Living in a small town means there's never bad traffic.
Now that I've said something positive about my current situation, I can talk real. Living in a small town means everyone you know also works with you. It means that any store, restaurant or moderate convenience that the civilized world has had for years doesn't arrive until it's old. It also means that the anticipation of the arrival of anything new coming to town lasts for months. You haven't seen excited until you've seen local scuttlebutt about a new Bojangles last for months.
It goes without saying that I'd like to permanently leave Small Town, USA. Until then, mini vacations to the nearest town with a Publix have to suffice. My original plan was to catch the Georgia National Fair. Then, this kind of changed my mind:
In an effort to continue my streak of not looking like a creep, I figured I'd catch a movie instead. And with that, my Saturday was booked for Denzel Washington's new thriller The Equalizer". I was relieved to see that he finally stopped doing train movies, so I had to check it out. I hopped in the truck and headed to make the 1PM show. As usual, I was late.
My first thought standing in line: "I wonder if they'll card me?" ....nope. I guess it's good that I don't look 17 anymore (?) but still, I also didn't actually start feeling older until recently. I think most new music is hot garbage and can't understand what kids see when they dress themselves in the morning. Nevertheless, one thing that hasn't changed about me since high school: I loves me a good bargain. I would've been content paying $7.75 to watch No Holds Barred, but that low of a price to see the new Denzel picture was foolishness.
I live life on the cheap. However, I caught a good price on a ticket so it was no thing to throw another dollar or two on some snacks. Failed by 2014 fashion (pockets on slim fit jeans are useless), I couldn't discreetly sneak in a pack of gum, let alone candy or soda. After seeing the concession prices, I'd wish that I had. A small popcorn and Coke was going to set me back $12. No sir. I swallowed my pride, then handed over my grown-man card in exchange for one Kids Snack box: a handful of day-old popcorn, fun sized gummies and two sips of soda they had the nerve to pour into a cup. It cost $5.75.
I made it inside Auditorium #1 right as the movie began. I won't spoil the plot, save for my Facebook review. Even more entertaining was the running commentary and laugh track from the locals sharing the experience with me. Their lack of regard for theater etiquette reminded me of seeing movies with my aunt and sister at the old Magic Johnson Theater in Atlanta.

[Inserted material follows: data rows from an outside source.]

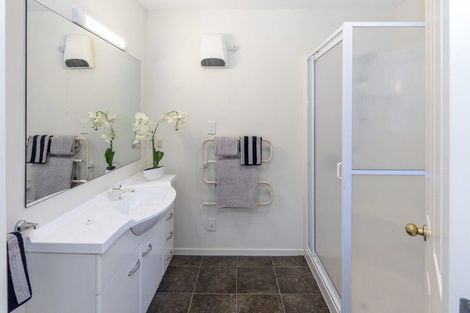 Photo of property in 2/37 Avonhead Road, Avonhead, Christchurch, 8042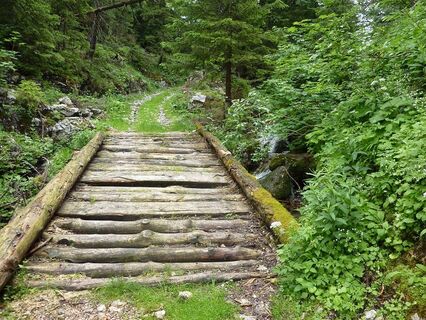 Brücke über den Fobisbach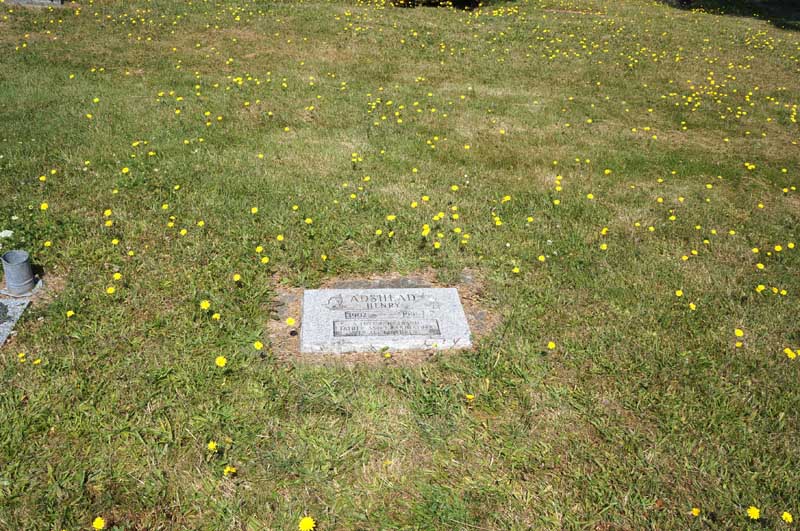 image of gravestone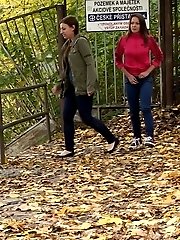 15 pictures - Cute girls in denims both need to pee outside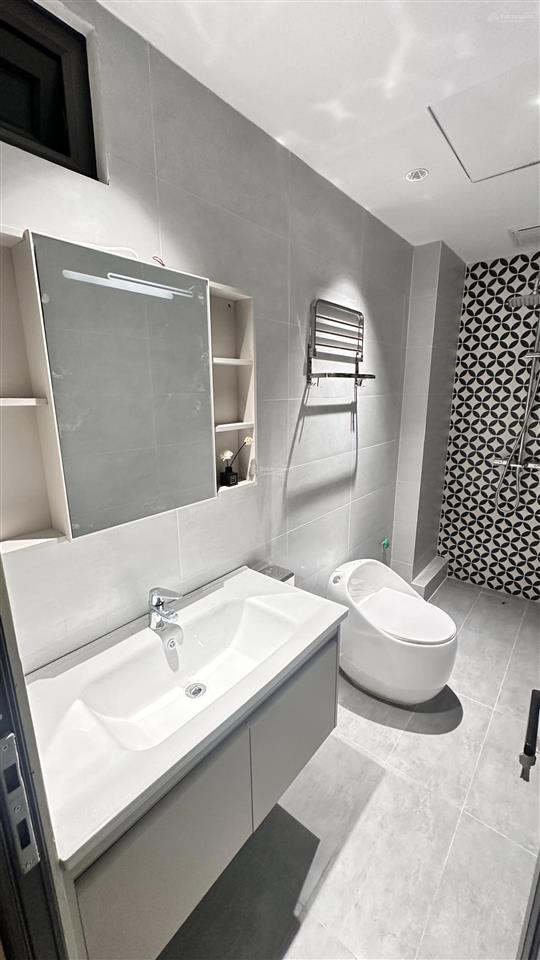 Nhà đẹp 6 tầng thang máy mới xây gần chợ xanh định công  full nội thất đẹp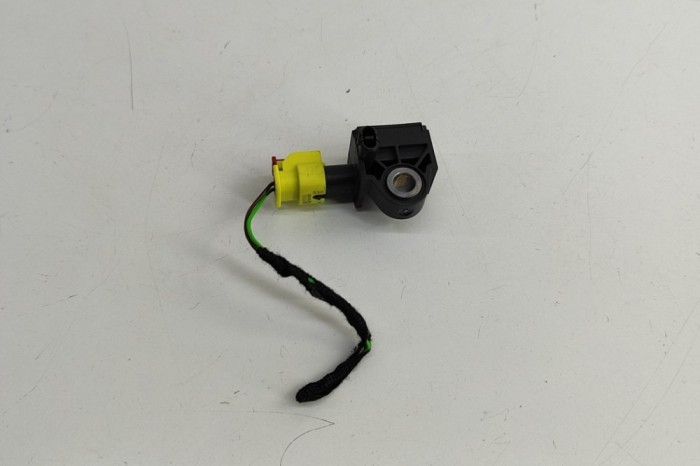 Senzor de impact st&acirc;nga spate VW PASSAT B8 3G2 2018 OEM: 5Q0959651B | 29794698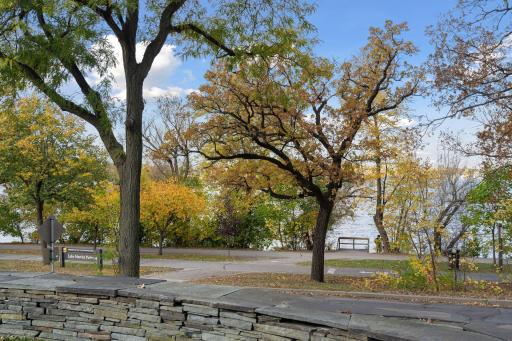 4855 East Lake Harriet Parkway - Spacecrafting - 0031.jpg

The patrons were as much a part of the show as the actual movie. The antics of this day's bunch included:
The patrons were as much a part of the show as the actual movie. The antics of this day's bunch included:
- -The aforementioned non-stop laughter that got louder each time a derivation of the f-bomb was dropped
- -The laughter that continued anytime someone was shot
- -An insightful dialogue between a couple behind me that provided context to the film's more complicated scenes. Example: (Bad guy hands someone an envelope of cash)
Girl: ... (suddenly has an ephiphany)... oh!
This lasted two hours.
The conclusion of my lonely personal date was fairly mundane. The movie ended and I went back to my single life in a small town with nothing for people like me. Despite dropping back into this sobering reality, I can take solace in knowing that surviving this season of my life is possible. Actually, it's pretty easy. Mini-vacations give you a much needed break from the binding grind of a regular schedule. Taking time do something fun for yourself, by yourself allows a greater capacity to take in the world around you; laughing at the flaws of your present reality is a fun way to deal with a difficult in-the-meantime circumstance.